"""
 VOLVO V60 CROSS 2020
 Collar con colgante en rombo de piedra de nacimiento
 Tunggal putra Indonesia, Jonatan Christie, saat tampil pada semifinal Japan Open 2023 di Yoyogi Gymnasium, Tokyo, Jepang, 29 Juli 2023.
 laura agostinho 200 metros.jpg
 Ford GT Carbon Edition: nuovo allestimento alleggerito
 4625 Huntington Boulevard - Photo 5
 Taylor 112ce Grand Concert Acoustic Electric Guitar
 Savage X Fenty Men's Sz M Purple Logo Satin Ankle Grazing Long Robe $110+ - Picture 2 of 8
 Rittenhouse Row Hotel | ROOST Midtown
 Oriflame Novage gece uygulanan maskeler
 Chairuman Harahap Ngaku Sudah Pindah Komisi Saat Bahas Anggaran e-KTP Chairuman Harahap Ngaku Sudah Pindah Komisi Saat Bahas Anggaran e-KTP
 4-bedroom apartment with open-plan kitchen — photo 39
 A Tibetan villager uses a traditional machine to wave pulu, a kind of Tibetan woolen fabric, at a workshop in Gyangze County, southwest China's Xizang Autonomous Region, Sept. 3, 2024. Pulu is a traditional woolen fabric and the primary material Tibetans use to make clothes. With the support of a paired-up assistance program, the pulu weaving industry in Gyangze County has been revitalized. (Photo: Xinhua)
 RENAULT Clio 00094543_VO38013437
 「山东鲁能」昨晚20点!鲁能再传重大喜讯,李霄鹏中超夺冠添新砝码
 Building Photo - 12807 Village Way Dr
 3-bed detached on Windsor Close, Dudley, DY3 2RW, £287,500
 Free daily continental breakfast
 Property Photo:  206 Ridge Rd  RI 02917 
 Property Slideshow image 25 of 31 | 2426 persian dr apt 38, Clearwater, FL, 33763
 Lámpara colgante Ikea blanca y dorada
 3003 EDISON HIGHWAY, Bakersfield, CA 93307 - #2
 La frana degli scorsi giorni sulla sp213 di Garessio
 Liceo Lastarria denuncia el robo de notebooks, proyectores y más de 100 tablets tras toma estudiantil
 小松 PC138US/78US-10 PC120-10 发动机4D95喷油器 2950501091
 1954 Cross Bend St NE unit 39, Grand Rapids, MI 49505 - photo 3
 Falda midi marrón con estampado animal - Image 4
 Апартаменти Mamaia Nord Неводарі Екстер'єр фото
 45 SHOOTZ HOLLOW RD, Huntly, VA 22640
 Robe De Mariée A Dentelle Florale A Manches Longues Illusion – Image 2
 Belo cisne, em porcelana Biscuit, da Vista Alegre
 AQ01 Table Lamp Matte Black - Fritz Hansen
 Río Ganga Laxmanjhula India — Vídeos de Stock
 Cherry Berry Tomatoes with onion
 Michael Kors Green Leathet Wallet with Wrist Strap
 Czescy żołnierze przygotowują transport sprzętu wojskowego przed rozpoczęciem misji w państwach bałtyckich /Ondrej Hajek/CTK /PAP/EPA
"""
(The task): In the listing above, find the line containing "45 SHOOTZ HOLLOW RD, Huntly, VA 22640" and the line containing "Río Ganga Laxmanjhula", then quote both, plus every line between them, exactly as written.

(Problem solution):
 45 SHOOTZ HOLLOW RD, Huntly, VA 22640
 Robe De Mariée A Dentelle Florale A Manches Longues Illusion – Image 2
 Belo cisne, em porcelana Biscuit, da Vista Alegre
 AQ01 Table Lamp Matte Black - Fritz Hansen
 Río Ganga Laxmanjhula India — Vídeos de Stock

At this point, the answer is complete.